Alpine

Early Release: The Alpine cluster is in early/beta release and being actively developed. If you see or experience any errors, please report them to rc-help@colorado.edu. CURC Alpine is currently in Beta testing available only for Early Adopters.

Alpine is the third-generation HPC cluster at University of Colorado Research Computing, following Janus and RMACC Summit.

Alpine Quick-Start

  1. From a login node, run module load slurm/alpine to access the Slurm job scheduler instance for Alpine.
  2. Consult the Table and the Examples section below to learn how to direct your jobs to the appropriate Alpine compute nodes.
  3. If needed, compile your application on a compute node via an interactive job as Alpine does not have dedicated compile nodes. Consult our compiling and linking for more information on compiling software.

Job Scheduling

All jobs are run through a batch/queue system using the Slurm job scheduler. Interactive jobs on compute nodes are allowed but these must be initiated through the scheduler. High-priority jobs move to the top of the queue and are thus guaranteed to start running within a few minutes, unless other high-priority jobs are already queued or running ahead of them. High-priority jobs can run for a maximum wall time of 24 hours. Low-priority jobs have a maximum wall time of 7 days.

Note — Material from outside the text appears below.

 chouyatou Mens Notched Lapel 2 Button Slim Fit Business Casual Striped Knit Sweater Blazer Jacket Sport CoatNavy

More details about how to use Slurm can be found here.

Nodes

To determine which nodes exist on the Alpine system, type scontrol show nodes to get a full list

Note: scontrol gives an in-depth description of all nodes on your current cluster, you can specify cetain nodes with scontrol show nodes <node name>

Node Features

The Alpine cluster features some heterogeneity. A variety of feature tags are applied to nodes deployed in Alpine to allow jobs to target specific CPU, GPU, network, and storage requirements.

Use the sinfo command to determine the features that are available on any node in the cluster.

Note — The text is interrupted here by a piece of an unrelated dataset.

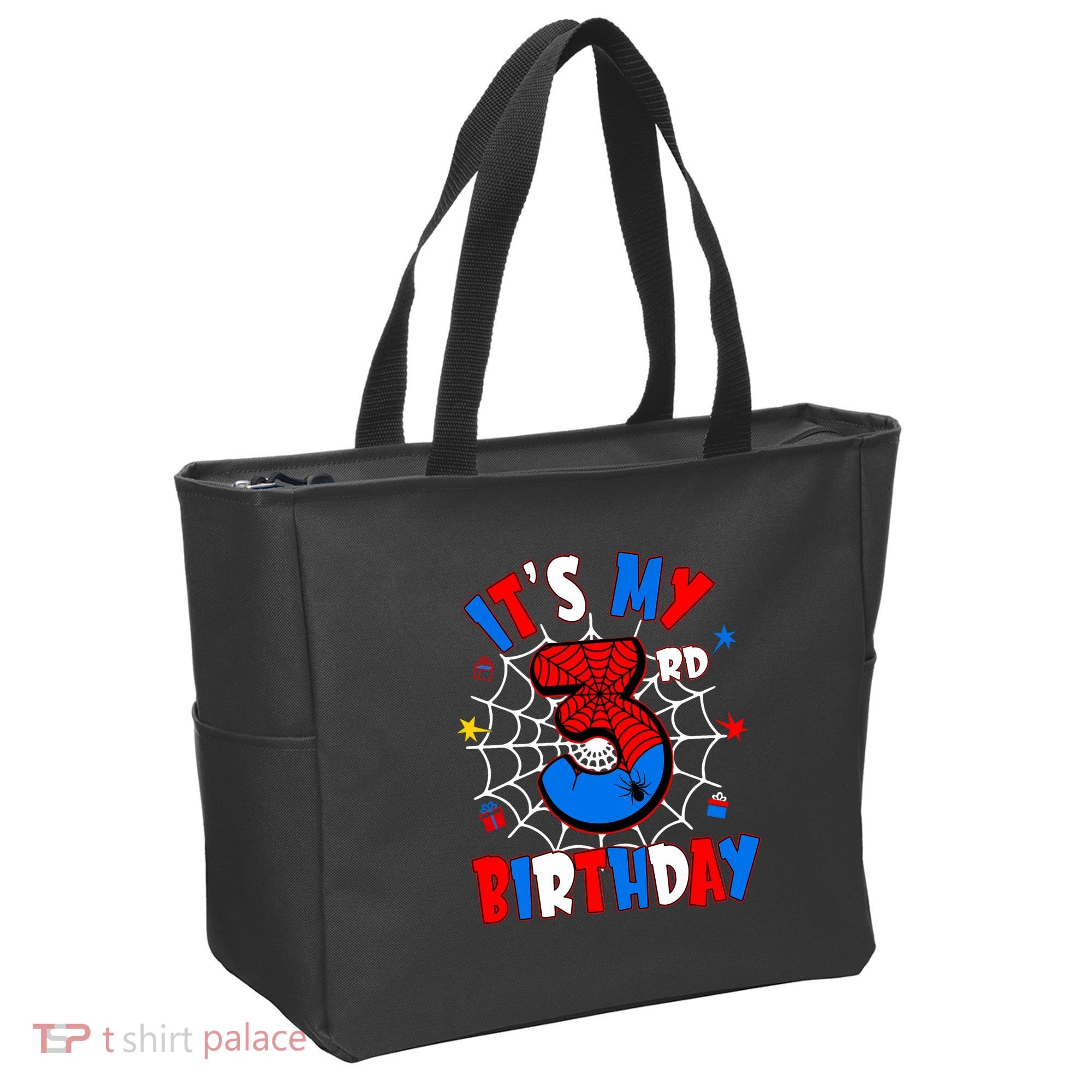 3 Years Old It_s My 3rd Birthday Spider Theme Party Tote Bag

Note: Feature descriptions and finalized partitions names are still being added to Alpine nodes. Refer to the description of features list below for current node features.
sinfo --format="%N | %f"

The sinfo query may be further specified to look at the features available within a specific partition.

sinfo --format="%N | %f" --partition="alpine-curc"

Description of features

  • Milan: dual-socket 32-core AMD Milan CPU
  • A100: NVIDIA A100 GPU
  • MI100: AMD MI100 GPU
  • localraid: large, fast RAID disk storage in node
  • rhel8: RedHat Enterprise Linux version 8 operating system

Requesting Resources

Partitions

On Alpine, nodes with the same hardware configuration are grouped into partitions. You will need to specify a partition using --partition in your job script in order for your job to run on the appropriate type of node.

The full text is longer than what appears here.